Masonic organization in the United States

MOVPER logo

The Mystic Order of Veiled Prophets of the Enchanted Realm (MOVPER), often known as the Grotto, is a Masonic body founded in 1889 by Herman LeRoy Fairchild and the members of Hamilton Lodge in Hamilton, New York. MOVPER describes itself as a "social organisation for the Master Mason". Although its members must be Master Masons, MOVPER "is not and makes no claim to be a part of Symbolic Craft Masonry".

==History==
On September 10, 1889, Fairchild, along with other members of Hamilton Lodge #120 in Hamilton, New York, formed a group known as the Fairchild Deviltry Committee. Membership was limited to Master Masons in good standing. The group's popularity grew, leading to the formal establishment of the Supreme Council, the Mystic Order of Veiled Prophets of the Enchanted Realm (MOVPER), on June 13, 1890.

The first "Grand Monarch" (the leader of the order) was Thomas Lemuel James, ex-Postmaster General of the United States. Other founders included Professor Oren Root of Hamilton College, Joseph Frank McGregory of Madison University, General William M. Nest and Fairchild, both of Hamilton, New York, as well as Naval Officer William Colgate Eaton. George Beal wrote the order's original ritual with help from Adon N. Smith and Rudolph R. Riddell, who later revised the ritual to include mythological elements and Persian imagery.

== The Veiled Prophet ==
MOVPER's emblem features a depiction of Mokanna, symbolising the veil of secrecy, which represents the mysterious nature of the Order, reflecting the lessons that members of the Grotto are encouraged to explore.

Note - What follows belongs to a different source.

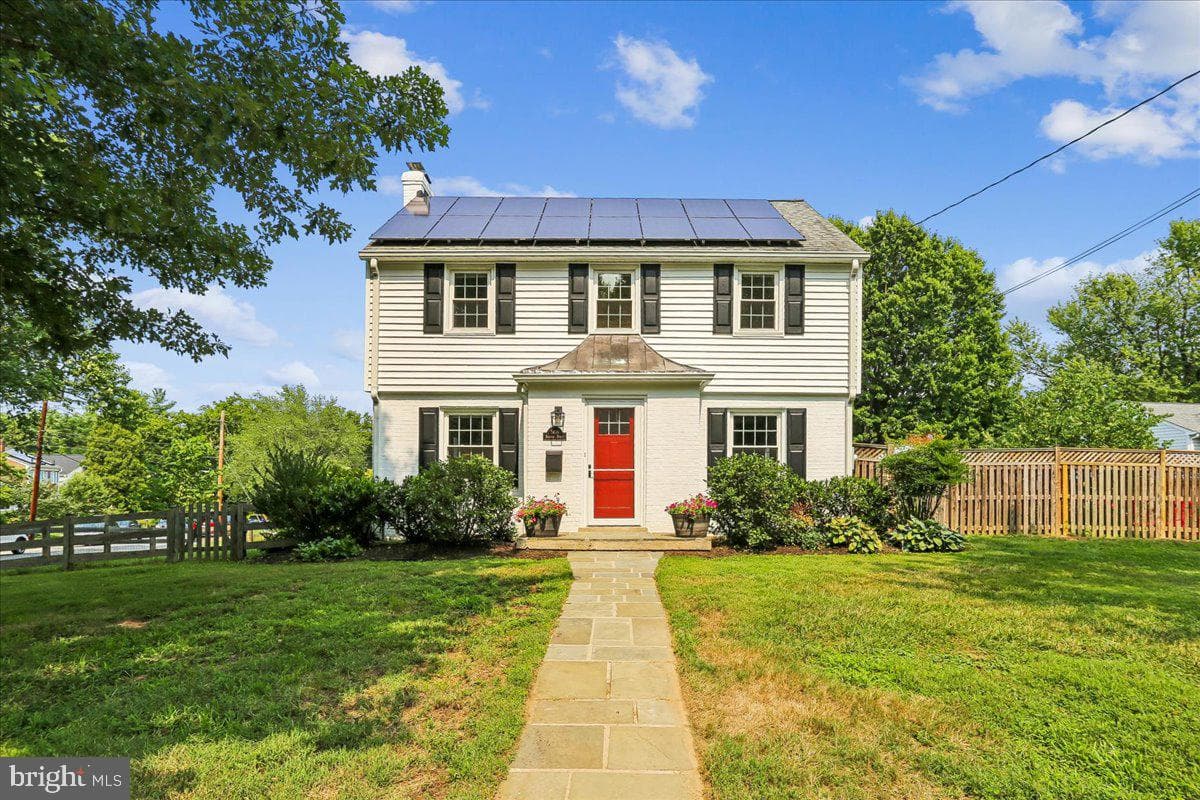 1905 Brisbane Street, Silver Spring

While the emblem and ritual of the Grotto are often believed to be inspired by Thomas Moore's poem, Lalla Rookh, which tells the story of the "Veiled Prophet of Khorasan," the modern ritual of the Grotto organisation actually draws inspiration from Masonic traditions and incorporates elements that allude to Moore's themes. Each Grotto branch is allowed to add its own interpretation of the story.

== Philosophy and attire ==
MOVPER is guided by a philosophy that is deeply rooted in the concept of "Good Fellowship", which, according to The Grotto, represents a "spirit of wholesome fun". Different fezzes are worn to signify various ranks within the organisation.

== Female auxiliaries ==
=== Daughters of Mokanna ===
The Daughters of Mokanna, a women's auxiliary organisation, was founded in 1919. Four original subchapters, Daughters of Mokanna, were also opened.

To be eligible for membership, candidates must be adult women, relatives of a Veiled Prophet, and in good standing within their community.

As with MOVPER, different fezzes are worn to signify various ranks within the organisation.

===Mysterious Order Witches of Salem===
Sometime before 1917, the Mysterious Order Witches of Salem (MOWOS) was founded as another female auxiliary to The Grotto. They named their Chicago chapter the "Aryan Cauldron No.1."

Like its counterpart, the group's stated purpose is fun, fellowship, and charity activities. The MOWOS has rituals only known to members. Membership requirements are identical to the Daughters of Mokanna.